Chapter 19 Preparing and Cleaning Data

Preparing your data may not be, strictly speaking, a data move, but it’s a vital part of any real data investigation.

In a class setting, the data you get is often extremely well-behaved. All the rows and columns are correct, and line up perfectly. Measurements are all in the same units, and none are missing.

The problem is that when you get real data, from out in the world, that’s usually not the case. It’s not because people are sloppy (OK, part of it is sloppiness, but not all); often, the people who collected the data are constrined by their tools, or they just had to make decisions about formatting that don’t match with what you need. Sometimes, you get data from a place that wasn’t even set up to be data for anyone else, so you have to adjust.
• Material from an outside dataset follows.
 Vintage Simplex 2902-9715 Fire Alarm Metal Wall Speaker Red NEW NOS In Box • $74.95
This short chapter will not tell you anywhere near everything you need to know, but it will address some cleaning issues that arise with the data that appear elsewhere in this book.

19.1 Missing Data

Sometimes, a piece of data is missing. Sometimes, for some reason, there is no value for that attribute in that case. If you’re measuring the heights of all the students in the school, but Alicia was absent that day, her height cell may be empty.
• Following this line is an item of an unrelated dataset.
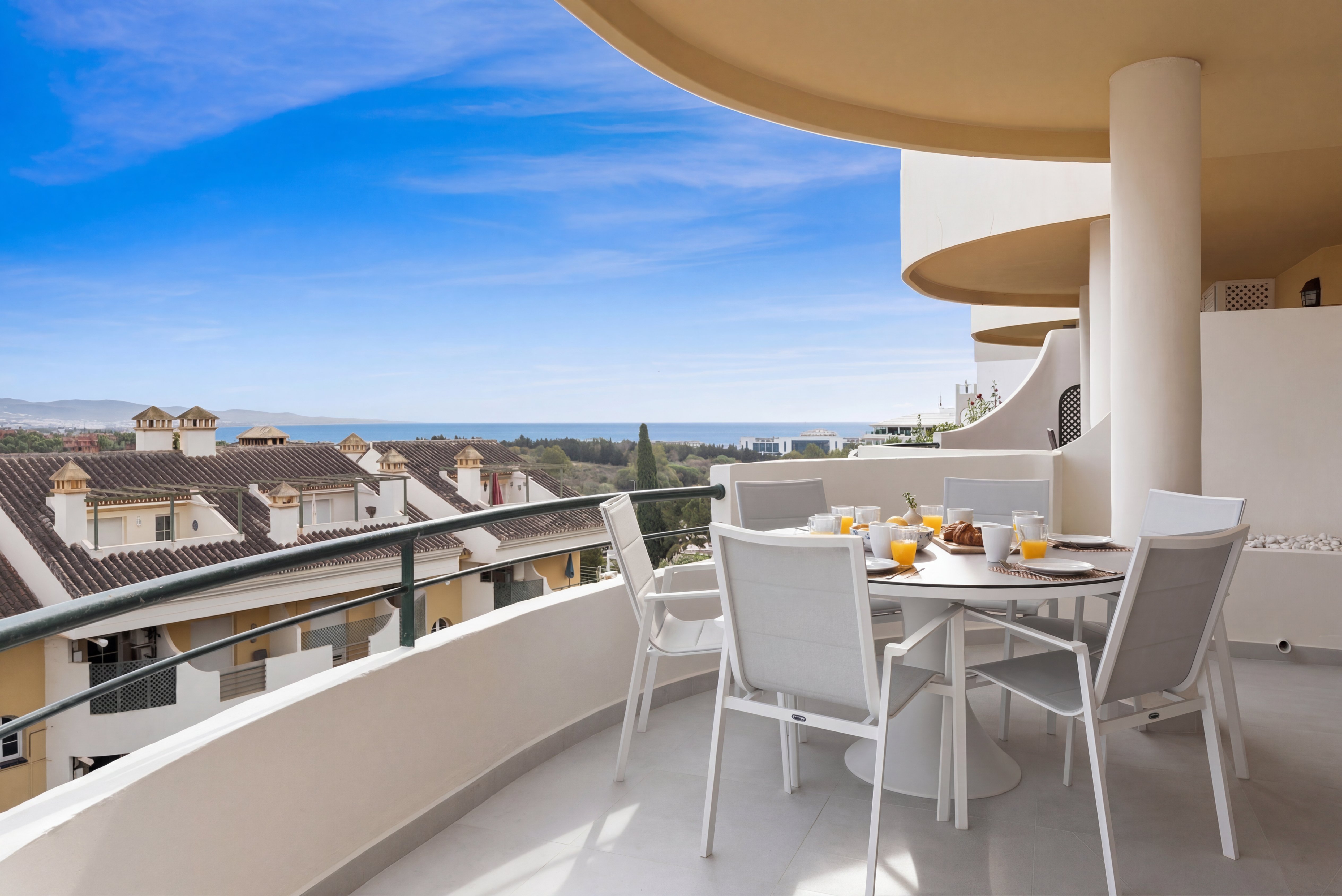 Sea view from Señorío de Aloha terrace overlooking Nueva Andalucía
CODAP’s signal for a missing value is, in fact, an empty cell. If a case has a missing value, and that attribute is used in a plot or calculation, CODAP will not plot the point or use the value. It will be as if that case was not in the data set.

When you export data to csv format or import a csv file, a missing value will appear as—nothing! You will see commas right next to each other:

name,height,age
Tim,74,65
Alicia,,12
Aloysius,68,16
Penelope,65,17

Most of the time, the way CODAP treats missing data is exactly what you want. Unfortunately, not everyone agrees on how to cope with missing data. Some of the Census data portals, for example, use a huge number to indicate “missing.” Two things to note:

  • Therefore you need to go in and change all those big numbers to nothingness, so CODAP will treat them as missing, and
  • If you forget or don’t notice, you’ll get massively wrong results.

In the live illustration below, we have 1000 cases from the Census data portal. A student (Aloysius) has grouped the data by Sex12 and computed an aggregate value: the mean income. He concludes that women make more than men because their mean income is nearly 1.9 million dollars while the men make only about 1.6 million.13

Aloysius should notice that the numbers are ridiculous and that something serious is wrong. He should immediately try to figure out how this bogus number appeared. Which leads to the second big mistake: Aloysius should have made a graph first in order to get a feel for the data. So do the following in the live illustration:

  1. Make a graph of Sex by Income. Notice the huge stack of points at a high value.
  2. Select one of those points and look at the table.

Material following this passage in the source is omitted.